From 1997 to April 2000, the CTNBio authorised nearly 800 releases of transgenic plants, on a total area of approximately 800 hectares. Monsanto and its other Brazilian branches accounted for 90% of this area. The transgenic species released for field trials until April 2000 were: cotton, rice, potatoes, sugar cane, eucalyptus, tobacco, papaya, corn and soybeans. Corn stands out as the species with the largest number of authorisations and covered the largest cultivated area (approximately 400 ha.), followed by soybeans (280 ha.) and cotton (nearly 80 ha.). All other crops were planted on less than 10 ha. each. As for the traits incorporated into these crops, over 50% of the trials were done with herbicide-resistant plants.

37% of the trials were carried out in the Southern Region, 34% in the Southeast and 27% in the Central West. The Northern and North-eastern regions of Brazil accounted for less than 2% of all trials done with transgenic crops.

During the Rio de Janeiro UNCED Summit in 1992, Brazil signed the Convention on Biological Diversity (CBD), whose entry into force in 1993 gave biodiversity a new international status. A national law on Access to Genetic Resources would create a legal framework for compliance with one of the CBD's basic objectives, namely the fair and equitable sharing of benefits arising from the use of genetic resources, including monetary compensation, transfer of relevant technologies and satisfaction of both national and local-community rights over these resources.

A total of four bills (two of which are of major importance) were presented in the National Congress between 1995 and 1998, aimed at creating a law to govern access to genetic resources, as well as to the products thereof.

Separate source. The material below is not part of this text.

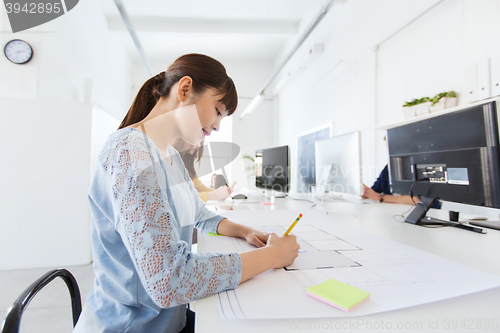 Image of architect woman drawing on blueprint at office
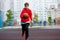 Cute smiling boy in t shirt plays basketball on city playground. Active teen enjoying outdoor game with orange ball. Hobby,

The first of these (Bill Number 306/95) was presented in the Senate in November 1995, by Senator Marina Silva, from the State of Acre, in Brazil's Amazon region. The Senate's standing committee on Social Affairs (the CAS), responsible for its discussion and revision, held a series of public hearings in the cities of São Paulo, Manaus and Brasília in 1996 to gather opinions and suggestions from as many sectors as possible that would be affected by its approval. These sectors included agriculture, industry, universities, research centres, local and indigenous communities and non-governmental organisations. Late in 1996, the CAS, the Ministry of the Environment and several NGOs also held a major workshop in Brasília specifically to discuss this legislative proposal. One executive-branch agency, its official health research institute (Fundação Oswaldo Cruz), also organised discussions to reflect on how the law should deal with access to human genetic resources.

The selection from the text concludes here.